Für uns ist China ein enorm wichtiger Markt. Der ist für amerikanische Kunst jedoch komplett zum Stillstand gekommen.
Für viele Sammler:innen ist das zu riskant. Gerade jene, die nicht für ein Depot kaufen, sondern für die eigenen vier Wände, zögern, bemerkt Thaddaeus Ropac: „Viele, die im etwa in der Wirtschaft aktiv und direkt von diesen Turbulenzen betroffen sind, haben einfach keinen freien Kopf, um sich mit Kunst zu beschäftigen.“ Doch auch Galeristen, die sich auf eine Messe wie die Art Basel Miami vorbereiten, müssen mit spitzem Bleistift rechnen. „Solche Beteiligungen kosten ein Vermögen. Ob es da Sinn macht, Kunstwerke rüberzuschicken, wenn man sie vor Ort nicht verkaufen kann, bleibt fraglich“, meint Vikas.
Selbst kurzfristige Schlupflöcher – etwa temporäre Einfuhren für Ausstellungen oder Messen – ändern wenig an der grundsätzlichen Unsicherheit.

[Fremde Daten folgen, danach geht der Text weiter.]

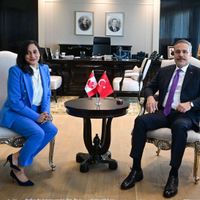 POLİTİKA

Die Folge: Verkäufe in die USA stocken, Transportketten werden verschoben oder gleich eingefroren. „Wir haben in unserem Zollfreilager Kunstwerke deponiert, die eigentlich schon seit drei Wochen nach Amerika gehen hätten sollen“, sagt Vikas.
Der Effekt: weniger Verkäufe für die Händler:innen bei gleichbleibendem Arbeitsaufwand. „Wir organisieren die Ausstellungen genauso wie geplant“, erklärt Ropac. Doch die Luft werde dünner. Sollte sich der Zollstreit zu einer globalen Rezession auswachsen, „dann wird das eine ähnliche Krise wie 2008 bei der Lehman/Brothers-Pleite“, warnt er. Damals brauchte es über ein Jahr, bis sich der Kunstmarkt erholte.
Dass der Markt in Wellen verläuft, ist Ropac bewusst: „Es kann eben nicht immer nur nach oben gehen.“ Doch diesmal ist es mehr als ein konjunktureller Schluckauf: Es geht um Systemfragen – um Vertrauen, Freihandel und verlässliche Regeln. Denn eine Kunstwelt, die nicht weiß, ob sie morgen noch exportieren darf, verliert nicht nur Werke, sondern auch ihre Offenheit. Denn Globalisierung ist keine Einbahnstraße. Wenn Mauern wachsen, bleibt auch die Kunst nicht unberührt.